HUMAN MEMORIAL

“The Empty Plinth” (2022)

“The Empty Plinth” (2022) is a 3-channel film documenting a series of workshops, rehearsals and public performances exploring the decolonisation of public space in Sheffield. Workshop leaders: Yuen Fong Ling, Nathan Geering; participants: Samara Casewell, Marcus Smith, Rebecca Solomon, Darwin Taylor, and Sam Underwood Doherty. Film production by LUMO FILM.

Supported by AHRC funded SAFEDI (Social Art for Equality Diversity and Inclusion) Research Project, led by MMU, AXIS and SAN (Social Art Network), in partnership with Sheffield City Council, Sheffield Museums and Heritage Trust, Sheffield City Archives and Local Studies Library, and Sheffield Hallam University.      

N.B. Each of the three films are to be viewed simultaneously across three separate video monitors and headphones, allowing the viewer greater interactivity to see the films partially, as a whole, and individually.

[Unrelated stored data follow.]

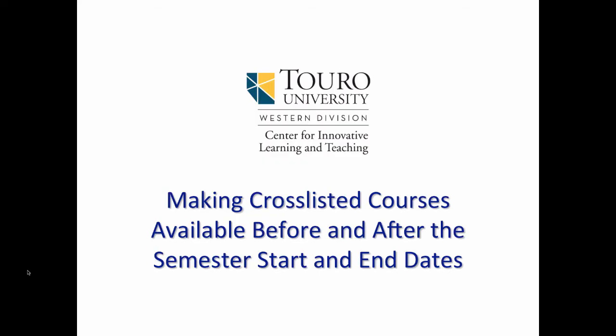That was a quick look at how to make cross-listed courses available to students before and after the official semester start and end dates.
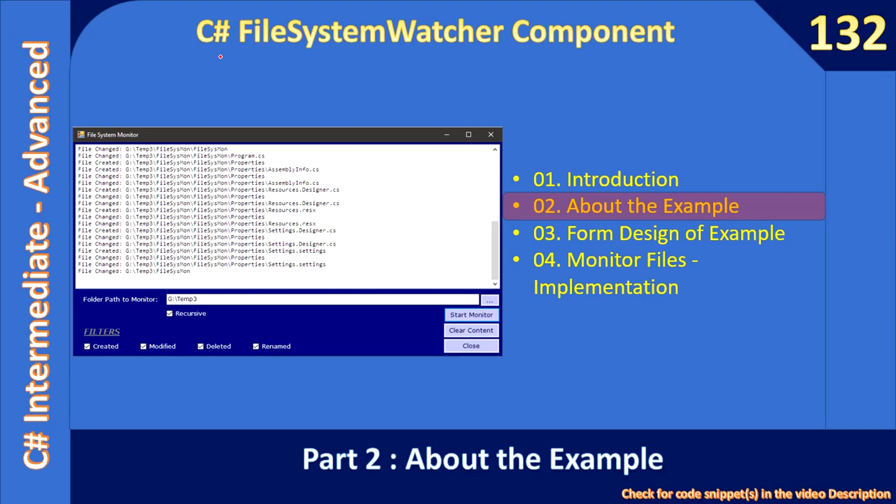Hello friends, welcome to C# Intermediate to Advanced tutorial. Now you are watching part two of the sub-series File System Watcher Component. In this video we will discuss about the example.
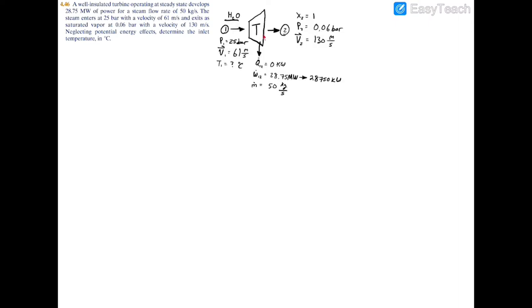We have a well-insulated turbine operating at steady state developing 28.75 megawatts of power, with steam flowing through it at a rate of 50 kilograms per second. We have the steam's pressure and velocity at the inlet, as well as the quality, pressure, and velocity at the exit. There is no potential energy, and we need to determine the inlet temperature in degrees Celsius. Because it's adiabatic, heat transfer is zero, and the power is 28,750 kilowatts.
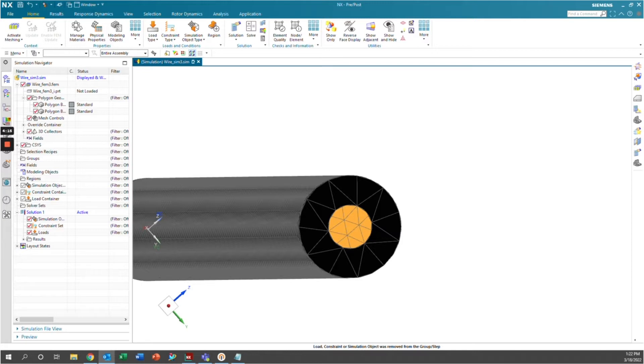In this video, we're going to be going over the basics of thermal analysis in Simcenter. Specifically, we'll be talking about conduction and convection using Simcenter.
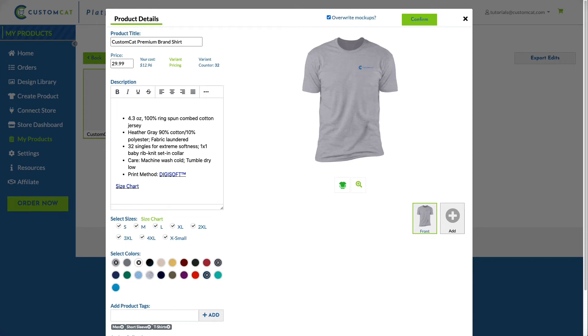However, new mockups will be exported if you decide to add new variant colors to your Etsy listings. In this example, we'll be adding a new variant color to our listing.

The film charts the development of a group of performers as they question the impact of decolonisation and public space, as a result of the Black Live Matter movement and Rhodes Must Fall campaign to remove monuments to Britain’s colonial history. From rehearsal and theatre spaces to public spaces, the performers build and create structures with their own and each other’s bodies, while discussing the dismantling and breaking down of institutional ideologies and conventions. The public performances took place in Summer 2021 and Spring 2022, taking an empty plinth to streets named in commemoration to Britain’s colonial and de-colonial history. Importantly, the film also considers the impact on artists of colour, with lived experience of racism, how we deal with the past, what needs to change, and what we celebrate in the future?

“The Empty Plinth” (2022) is the result of an ongoing research inquiry “The Human Memorial” by the lead artist curator and researcher Yuen Fong Ling, considering alternative forms of public memorial and monument making. The research considers the role of social art practice as the solution to contentious public statuary, exploring methods of co-authorship and collaboration. The research aims to develop inclusive procedures in the commissioning of public art, developing authentic community participation, and a culture of change at strategic planning and policy level. The research has been informed by Ling advising Sheffield City Council’s heritage working group tasked to decolonise street names, statues and monuments in the city, and as commissioner for Sheffield’s Race Equality Commission highlighting racial inequality within the city’s institutions and organisations.